EDITOR'S PICKS

Top Things to Do This Weekend: Nov 20–23

Between Bernadette Peters, Jeff Bridges, John Oliver's Cover Oregon spoof, and Portland's premier drag clown, this weekend is one big sing-a-long!

By Portland Monthly Staff November 20, 2014

concerts

Ages and Ages
Friday and Saturday at 9pm, Mississippi Studios
These locals’ handclaps, gang vocals, and Americana-inflected harmonies—not to mention relentless optimism and just a hint of self-righteousness—have attracted the tag “secular gospel.” Expect a tight show, as they’ve been on the road all October.
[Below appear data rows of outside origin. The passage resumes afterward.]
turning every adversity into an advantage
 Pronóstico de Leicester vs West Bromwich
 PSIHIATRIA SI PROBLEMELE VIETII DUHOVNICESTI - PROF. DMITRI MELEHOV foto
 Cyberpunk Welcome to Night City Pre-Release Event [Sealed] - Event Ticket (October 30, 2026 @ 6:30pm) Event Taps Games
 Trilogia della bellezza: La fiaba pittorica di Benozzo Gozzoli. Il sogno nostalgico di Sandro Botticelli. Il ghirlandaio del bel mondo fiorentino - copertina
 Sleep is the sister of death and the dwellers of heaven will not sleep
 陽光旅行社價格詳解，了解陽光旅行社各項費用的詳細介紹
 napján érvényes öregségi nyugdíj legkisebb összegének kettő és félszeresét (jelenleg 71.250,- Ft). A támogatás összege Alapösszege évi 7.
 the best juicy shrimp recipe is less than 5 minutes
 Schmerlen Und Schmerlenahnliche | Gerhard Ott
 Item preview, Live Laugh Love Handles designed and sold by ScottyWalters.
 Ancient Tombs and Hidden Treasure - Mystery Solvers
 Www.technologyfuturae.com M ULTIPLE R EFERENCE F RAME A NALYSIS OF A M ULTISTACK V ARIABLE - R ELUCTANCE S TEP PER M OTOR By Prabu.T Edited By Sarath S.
Leading Ladies in Music Fundraiser
Saturday at 6pm, Wonder Ballroom
This year's event, in support of the Rock n' Roll Camp for Girls, honors China Forbes of Pink Martini, Storm Large, Maggie Vail of Hurry Up & Strange Babes and now CASH Music, Kathy Foster of the Thermals, Rebecca Gates of the Spinanes and now Rebecca Gates and the Consortium, and former-Portlander Mirah Zeitlyn. With recent news of a Sleater-Kinney reunion, the Leading Ladies In Music fundraiser is more relevant than ever—last year's honored guest was Sleater-Kinney's main singer Corin Tucker.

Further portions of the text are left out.